[Task prompt] Every line of the data below is to be given again as it appears, with the images removed.

(Given information Opens)

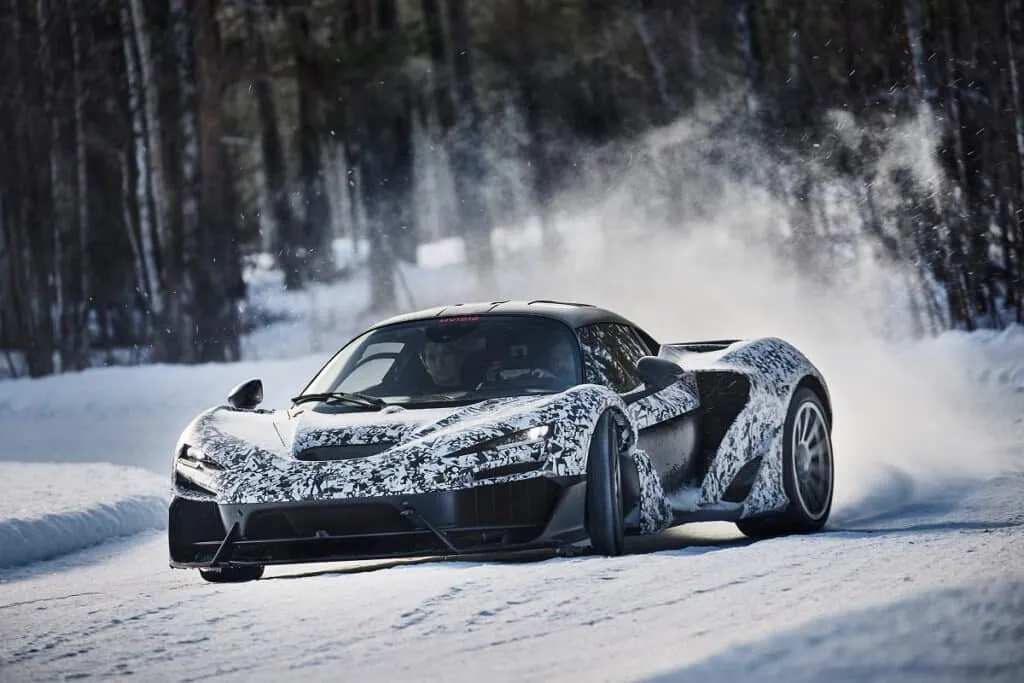 La neige et la glace ne sont pas des éléments auxquels on pense immédiatement en lien avec une voiture de 1,85 millions d'euros - © McLaren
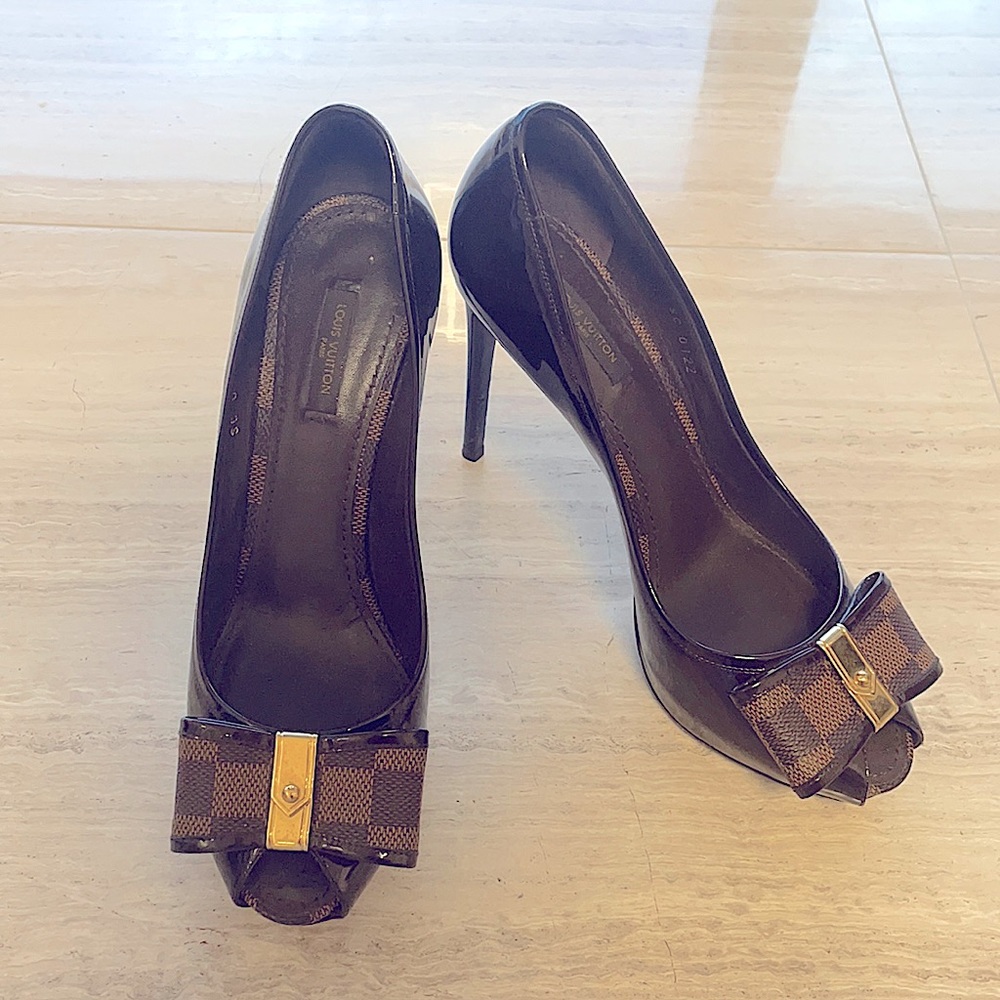 Louis Vuitton Peeptoe Pumps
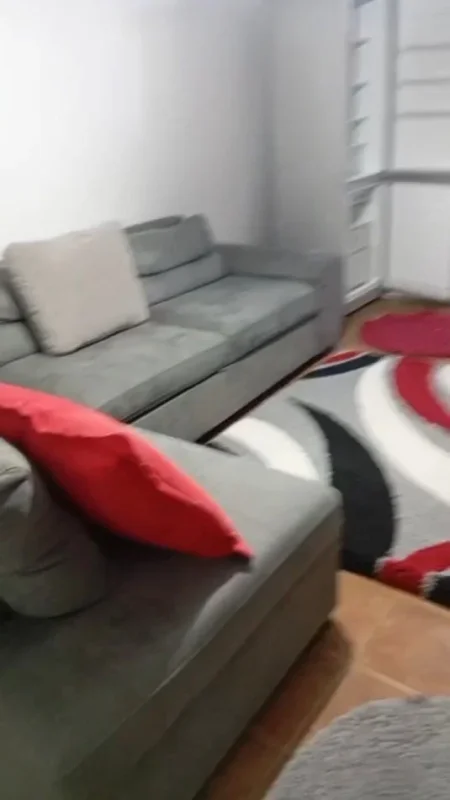 Tirane, jepet me qera apartament 1+1 Kati 5, 70 m² 400 € (YZBERISHT)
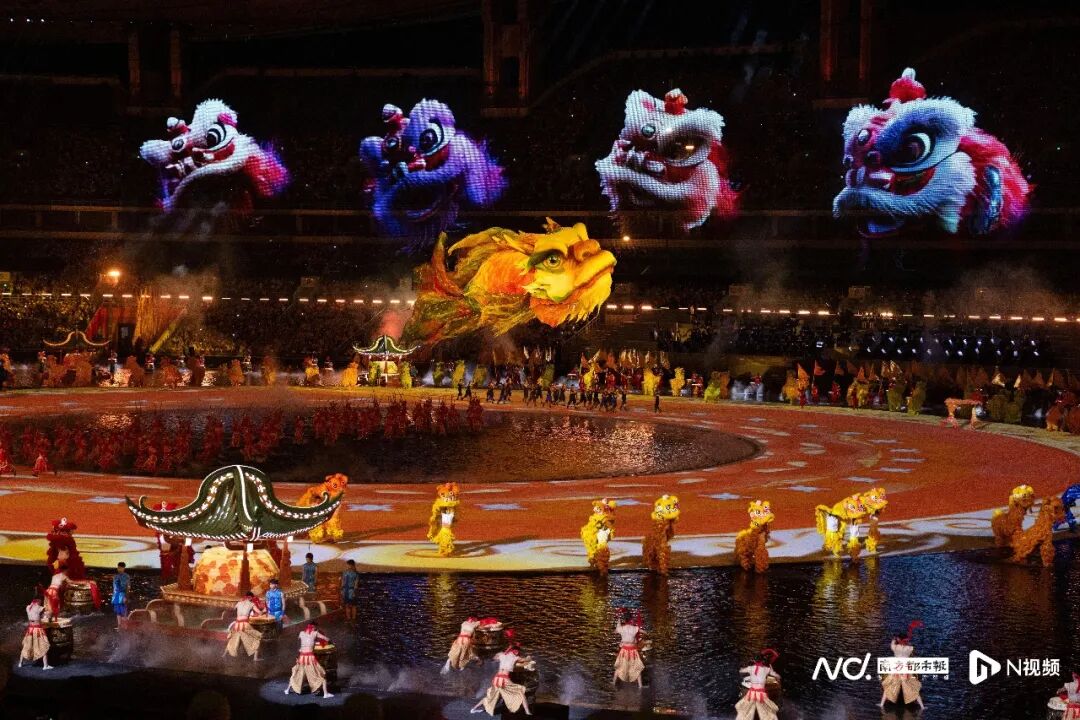 11月10日,中华人民共和国第十五届运动会开幕式在广东省广州市隆重举行。 11月10日,中华人民共和国第十五届运动会开幕式在广东省广州市隆重举行。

(Given information Closes)

[Reply]
 La neige et la glace ne sont pas des éléments auxquels on pense immédiatement en lien avec une voiture de 1,85 millions d'euros - © McLaren
 Louis Vuitton Peeptoe Pumps
 Tirane, jepet me qera apartament 1+1 Kati 5, 70 m² 400 € (YZBERISHT)
 11月10日,中华人民共和国第十五届运动会开幕式在广东省广州市隆重举行。 11月10日,中华人民共和国第十五届运动会开幕式在广东省广州市隆重举行。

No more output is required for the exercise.